Exercise: Print the records below exactly as they appear. Omit all pictures.

───── Input data ─────

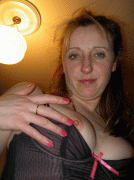 2fda0453227706.gif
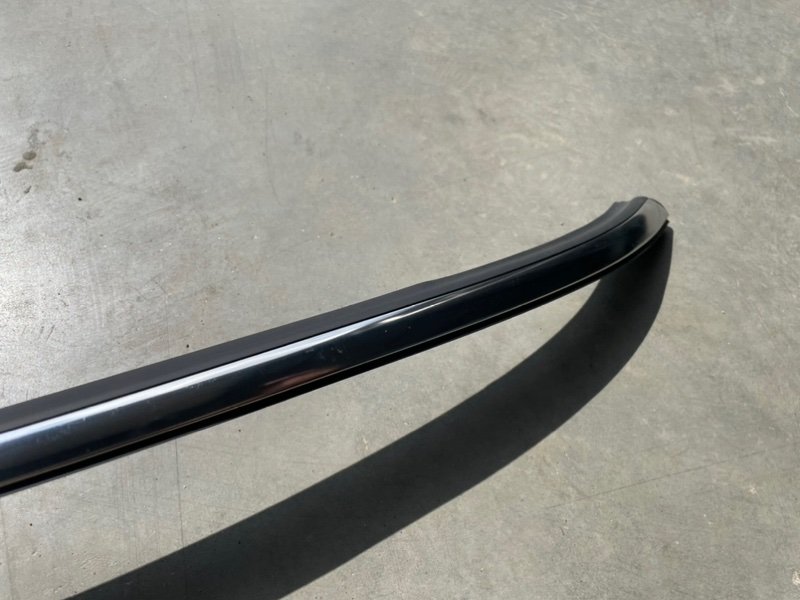 Накладка (кузов наружные)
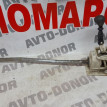 Кулиса мкпп Daewoo Nexia 2007 Daewoo Nexia 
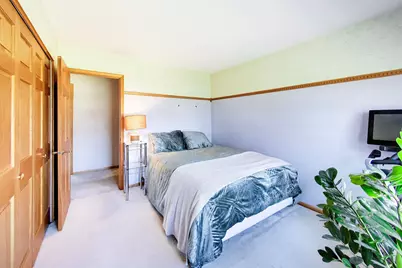 507 Ridgewood Lane, Buffalo Grove, IL 60089 - Photo 20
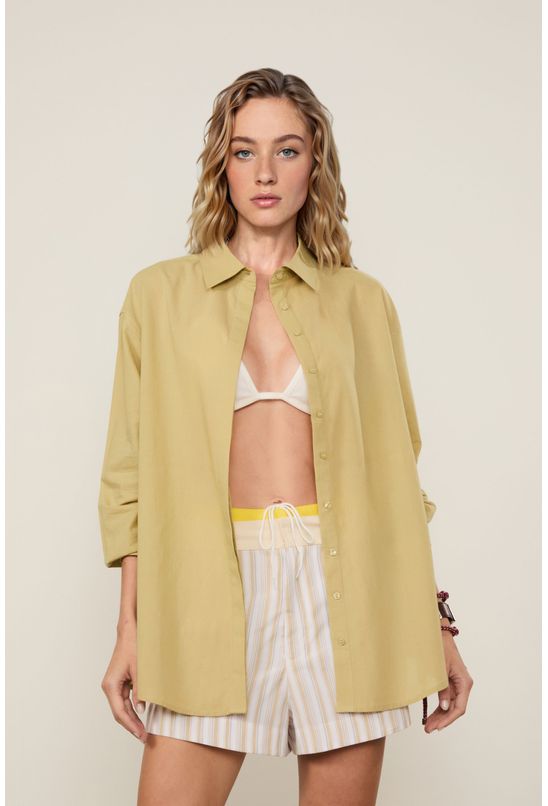 image-8bdda5f78808476a89115a7f99b8e921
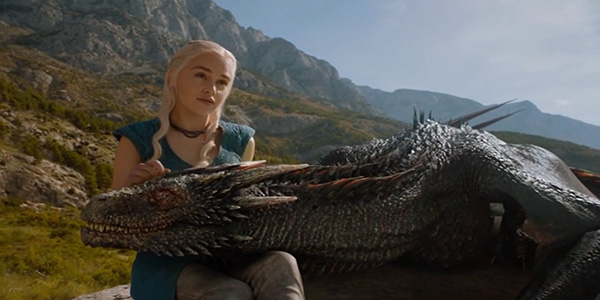 game_of_thrones-s04-e01-dragon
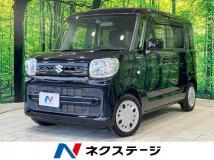 2020 Suzuki Suzuki Others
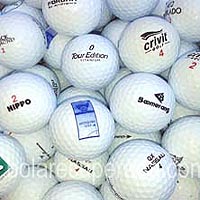 BOLAS MULTIMARCAS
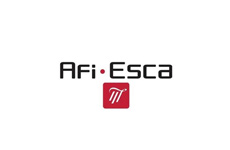 afi esca Assurance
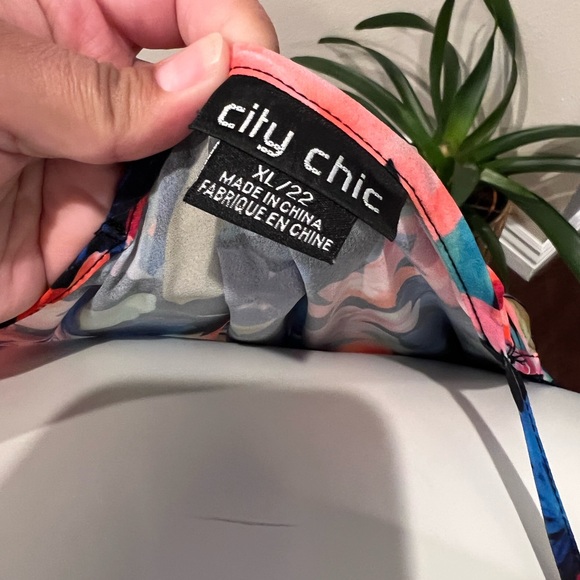 Colorful - Picture 4 of 4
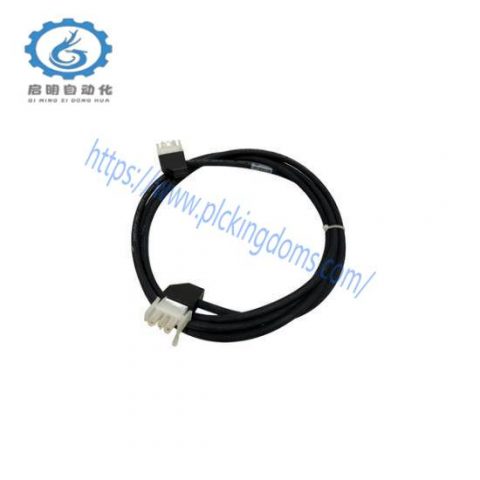 FOXBORO P0926KQ High-Quality Industrial Module
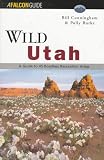 Cunningham, Bill: Wild Utah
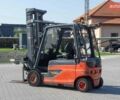 Линде  E 25, объемом двигателя 0 л и пробегом 0 тыс. км за 23266 $, фото 6 на Automoto.ua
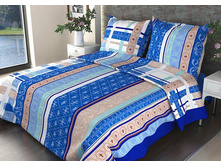 ��� 1,5 ��. ���� ���� "������" ���. 301 ��� 2 (����� ����) 624,00 ���.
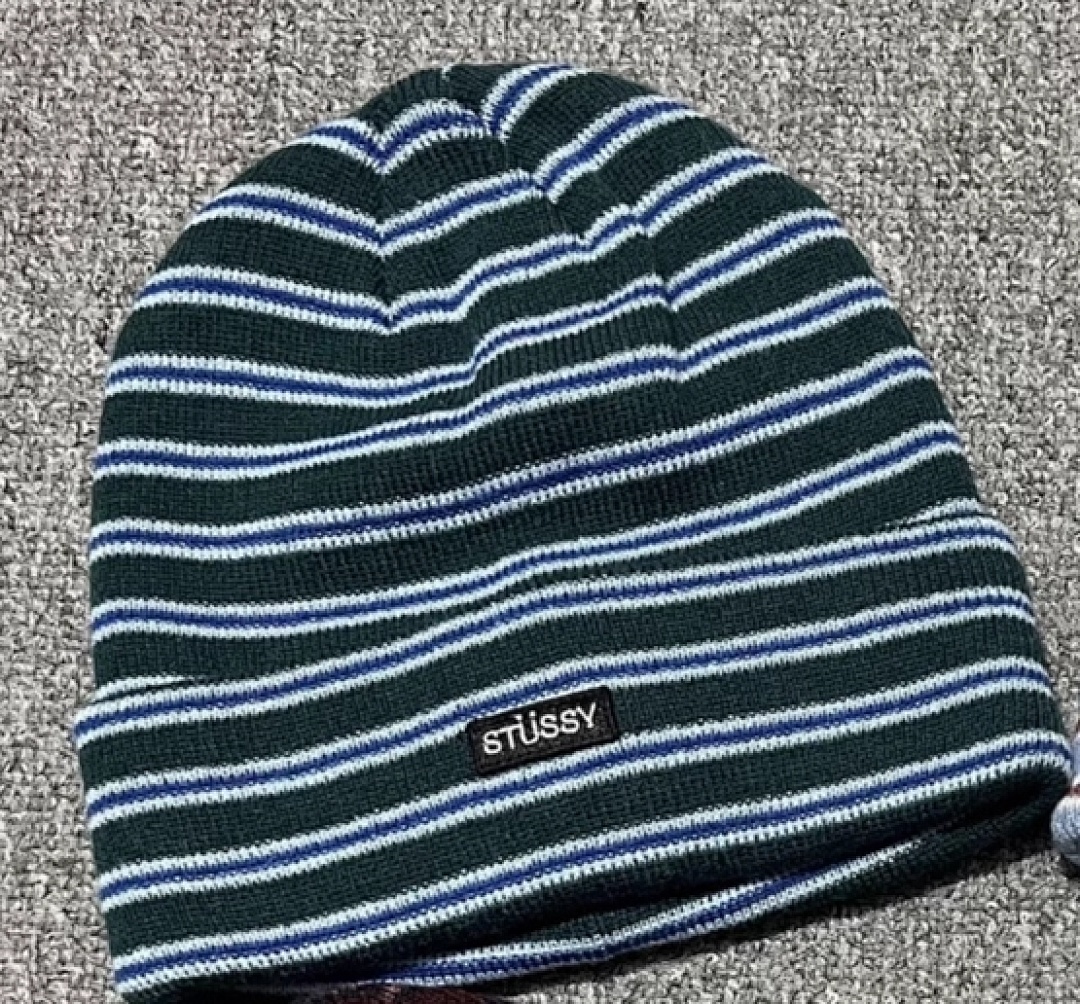 Other Stussy - Image 23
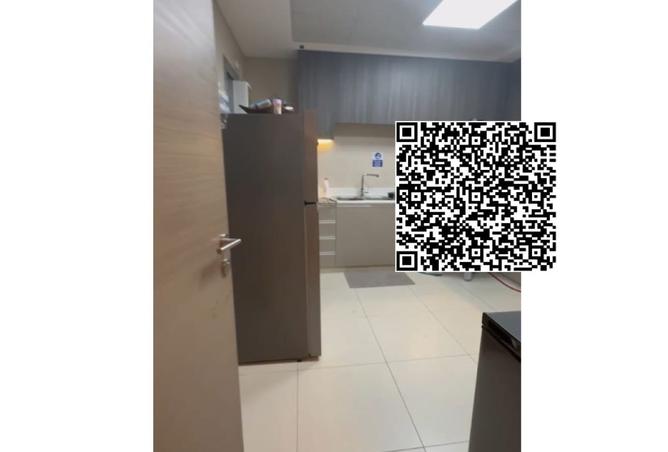 15835244 - Property Image 2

─────

Exercise answer:
 2fda0453227706.gif
 Накладка (кузов наружные)
 Кулиса мкпп Daewoo Nexia 2007 Daewoo Nexia 
 507 Ridgewood Lane, Buffalo Grove, IL 60089 - Photo 20
 image-8bdda5f78808476a89115a7f99b8e921
 game_of_thrones-s04-e01-dragon
 2020 Suzuki Suzuki Others
 BOLAS MULTIMARCAS
 afi esca Assurance
 Colorful - Picture 4 of 4
 FOXBORO P0926KQ High-Quality Industrial Module
 Cunningham, Bill: Wild Utah
 Линде  E 25, объемом двигателя 0 л и пробегом 0 тыс. км за 23266 $, фото 6 на Automoto.ua
 ��� 1,5 ��. ���� ���� "������" ���. 301 ��� 2 (����� ����) 624,00 ���.
 Other Stussy - Image 23
 15835244 - Property Image 2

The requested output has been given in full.